Then the couple returned to their apartment and slit their wrists, Lemashova dying in the bathtub, her husband on the floor beside her.
In their suicide note -- translated from Russian into English with help from their daughter-in-law before they took their lives -- they said they could not live with the shame of their son's act.
The almost Dostoevskian tale of murder, guilt and suicide unfolded earlier this month in suburban Philadelphia.
Lemashova, 63, "was a sick person, close to death, and she escaped that. She survived. But she couldn't survive emotionally what happened with their son," said Cantor Elena Zarkh, who led a funeral for the couple Jan. 16 as authorities chased leads in France and Germany for their son.
A postcard found at the son's Mount Laurel, New Jersey, town house ultimately led investigators to a home in Grenoble, France, where Paul Goldman, 39, was captured Jan. 20.
He is expected to be extradited to the United States within 60 days to face charges in the slaying of Fania Zonis, a 42-year-old mortgage broker found dead in her office Dec. 29.
Goldman's parents came to the United States from Uzbekistan, joining the exodus of Jews from the former Soviet Union who fled discrimination in the early 1990s. The elder Goldman, a vocational teacher in his homeland, found work as a machinist in Philadelphia, and also cared for his wife, who suffered an undisclosed illness. A relative said father and son were like best friends.
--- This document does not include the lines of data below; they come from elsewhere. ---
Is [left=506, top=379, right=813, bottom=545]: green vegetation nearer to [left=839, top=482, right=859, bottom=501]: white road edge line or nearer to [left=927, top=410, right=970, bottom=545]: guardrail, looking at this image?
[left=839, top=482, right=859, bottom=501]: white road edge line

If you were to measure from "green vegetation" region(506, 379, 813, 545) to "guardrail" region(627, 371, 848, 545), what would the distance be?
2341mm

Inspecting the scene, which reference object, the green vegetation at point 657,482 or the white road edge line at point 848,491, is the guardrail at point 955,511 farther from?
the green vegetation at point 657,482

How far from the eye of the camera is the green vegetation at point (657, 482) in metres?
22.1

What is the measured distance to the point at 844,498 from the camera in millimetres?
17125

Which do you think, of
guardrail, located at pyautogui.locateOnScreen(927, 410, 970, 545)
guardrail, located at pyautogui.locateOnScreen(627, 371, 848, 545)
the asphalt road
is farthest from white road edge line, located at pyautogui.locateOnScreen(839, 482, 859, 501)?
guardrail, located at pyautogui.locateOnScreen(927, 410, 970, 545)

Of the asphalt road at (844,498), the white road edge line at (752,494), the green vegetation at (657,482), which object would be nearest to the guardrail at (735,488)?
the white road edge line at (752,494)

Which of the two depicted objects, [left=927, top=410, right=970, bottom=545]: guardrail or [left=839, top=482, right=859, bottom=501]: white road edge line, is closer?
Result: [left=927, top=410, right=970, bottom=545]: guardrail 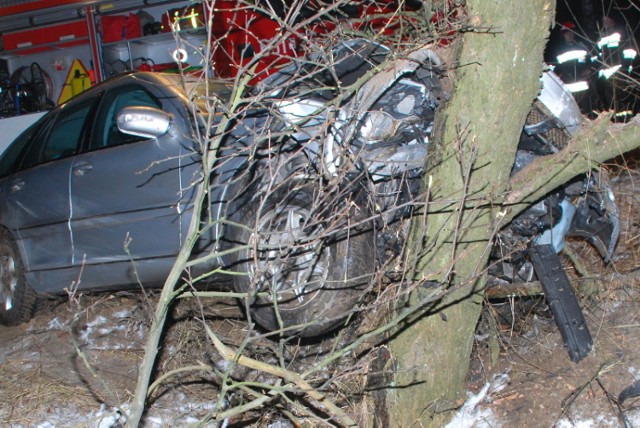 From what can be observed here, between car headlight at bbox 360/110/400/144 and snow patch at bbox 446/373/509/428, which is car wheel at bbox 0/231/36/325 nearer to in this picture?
car headlight at bbox 360/110/400/144

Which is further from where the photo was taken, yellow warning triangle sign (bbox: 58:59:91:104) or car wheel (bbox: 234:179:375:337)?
yellow warning triangle sign (bbox: 58:59:91:104)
The younger Goldman married an immigrant from the Ukraine, Irina Sapiro, now 42. He most recently worked as a handyman at a computer company.
Friends say he met Zonis, another married immigrant from the former Soviet Union, when she taught a computer class he took about 10 years ago. At some point they started an affair that culminated in the 15 cellphone calls they exchanged in the hours before Zonis' slaying, authorities said.
While the motive remains unclear, the killer was clearly angry with her, stabbing her seven times and smashing her face, authorities said.
While Paul Goldman was on the lam, prosecutors arrested his wife for allegedly covering for him by telling police he was shopping with her the night of the crime and away on business when he had fled the country. Sapiro was charged with hindering prosecution and jailed on $1 million bail.
Goldman's parents also helped him, accompanying him to New York, where Goldman and his father boarded a plane to Germany on Jan. 7, authorities said. The elder Goldman gave his son a bagful of cash and a relative's address, then flew home, authorities said.
Three days after the younger Goldman fled, he was charged with murder.
The next day, on Jan. 11, the elder Goldman, 66, and his wife visited their 22-month-old grandson, who has been hospitalized since his premature birth with severe breathing problems and other ills.
Then they gave their daughter-in-law their wedding rings and $20,000 in cash, and asked her to translate their suicide note from Russian to English, authorities said. The note said they could not live with the disgrace of their son's conduct, authorities said.
Two days later, police found them dead in their Bensalem apartment.
Prosecutor Diane Gibbons called the daughter-in-law's silence about the planned suicides unconscionable. "This to me shows just a complete disregard for life," she said.
Sapiro's lawyer, Andrew Baratta, said the woman did not think her in-laws would go through with it.
Kevin Platt, chairman of the Slavic languages and literatures department at the University of Pennsylvania, said the suicides may reflect immigrant expectations and pressures. Immigrants leave careers and friends behind to improve their children's future, he said.
"So when their son manages to destroy that future for them, it would seem perfectly natural to me that they felt their futures were over, too," Platt said.